Another form of dead stuff in your relationship is dead works. In our relationship with God, dead works are anything we do to try to earn God’s favor and approval. They are “dead” because there is nothing we can do to make God love us more, and there is nothing we can do to make him love us less. So we choose to believe and accept the love of God.
Dead works in your marriage occur when you act in order to earn love and approval from your spouse, rather than acting from a place of being loved and accepted by them. But what if I don’t feel loved and accepted? Except in the case of an Ill-willed or abusive spouse, I am willing to bet that your spouse wants you to feel loved and accepted. Maybe he or she just isn’t so great at showing it all the time. What if, instead of trying to earn the love your spouse already wants to give you, you just believed that they do love you (however imperfectly) and you act “as if” they were better at it than they are.
What if you believed you are loved and accepted without any doubt? I promise it would positively change your confidence and behavior.
Prune for New Growth
Whereas it’s pretty clear when a plant is dead and needs to be cleared out, when you prune you are actually cutting off seemingly healthy growth. But for many plants, flowers bloom best on new growth. Some plants won’t bloom at all without pruning.
Pruning is a necessary part of keeping a plant healthy, beautiful and thriving by making room for new growth. Are there places you can simplify your life to make room for what really matters, like each other? Where are the areas you feel stuck – where growth is no longer occurring? Has sex become rote? Has the romance fizzled? Is your friendship no longer what it should be? If there any part of your marriage that is no longer bearing fruit like it used to, think about what behaviors might be trimmed back in order to encourage new growth.
Whenever you feel stuck in one area, it’s time to change your approach. It’s time to prune out what you’ve been doing that isn’t getting you anywhere and find a new approach. In Part 2 of this post, we’ll look at what you might do to encourage new growth in these areas, but for now, pray and ask the Holy Spirit for a revelation of the parts of your marriage that have the potential for new growth, better fruit, and enhanced beauty. Ask first for the Lord to show you areas in yourself (not in your spouse).
Take some time to talk through these questions together.
Pull the Weeds
I seem to be really good at growing weeds! Every spring I do valiant battle against the unwanted foliage that seems to pop up everywhere.
The weeds in marriage are those persistent issues that crop up time and time again but never seem to get resolved. Can identify a few weeds in your marriage? Where are your constant battles? Money? Sex? In-laws? Which way should the toilet paper face?
The issues that keep appearing usually point to a lack of genuine understanding. And lack of understanding usually is a joint problem. Are you both listening to really understand, or are you listening to prepare your defense? Are you accusatory in your approach or do you make liberal use of “I” and “me” in your conversations? Are you approaching this as jointly trying to solve the problem or do you see your spouse as the problem?

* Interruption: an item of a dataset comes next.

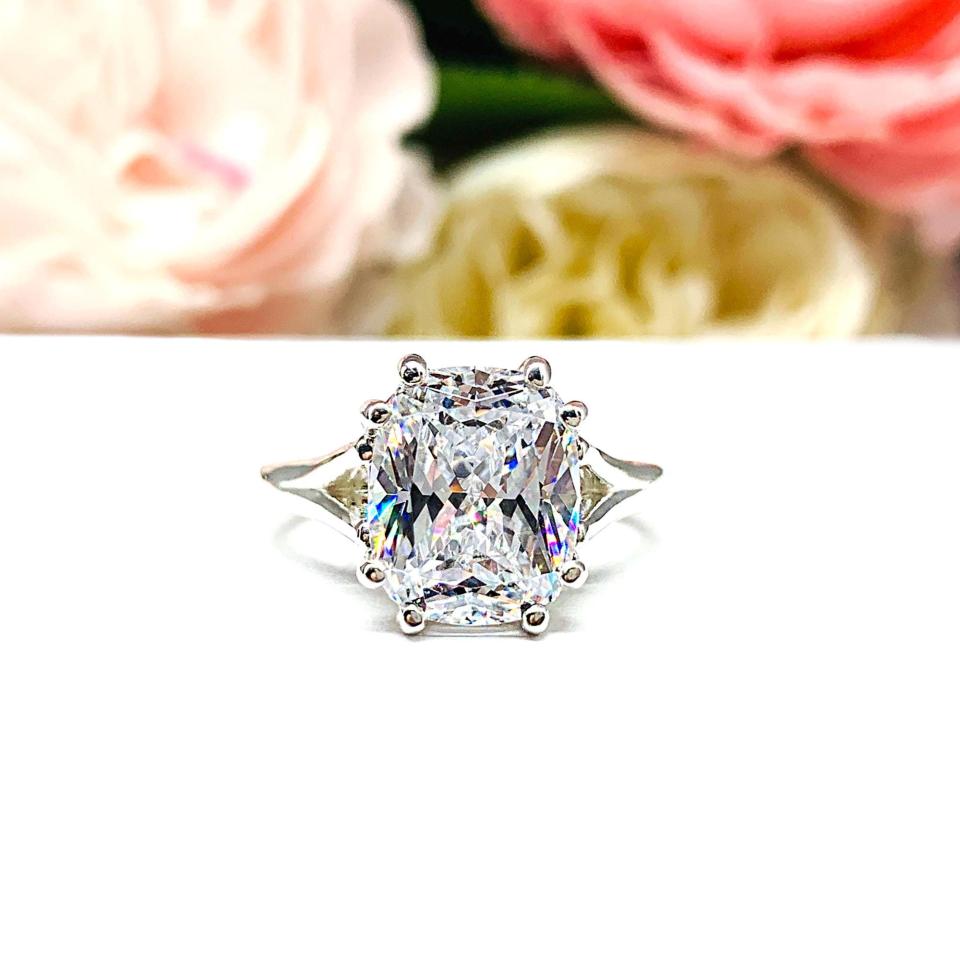 Cushion-Cut CZ Engagement Ring • 11x9mm, Sterling Silver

Try this. Write down the title of one major recurring issue on a slip of paper. Place the paper on one side of the table. Now you and your spouse sit next to each other on the opposite side of the table and talk about the issue. It may seem crazy, but it’s a small physical representation of the two of you working together against the issue rather than against each other. It visually places you on the same team. Make it a goal to find a resolution together!
Another thing about weeds. An ounce of weed prevention is worth a pound of weed digging. This year I was timely in applying some weed prevention to my yard. I’m also putting down weed blocker and mulch. It’s going to save me a lot of work later on.
Stay on top of issues in your marriage, and don’t let them fester. Don’t stuff down your concerns in an effort to keep the peace. It will come out sooner or later and usually in some kind of explosion. Have regular conversations about your relationship and how things are going. Dedicate a date night every few months to reflecting on your marriage.
A Cautionary Note
No doubt there is plenty of beauty in your marriage, and it’s important to take note of those things for two reasons. One, you want to remind yourself of the many good things you’ve got going. Two, you don’t want to hack out something beautiful and fruitful as you are doing your springtime renovations. One person’s weed might just be the other person’s wildflower!
Before you start yanking out weeds and dead and stuff from your marriage garden or begin pruning out less fruitful areas, start first by listing things that are going well and that you are thankful for.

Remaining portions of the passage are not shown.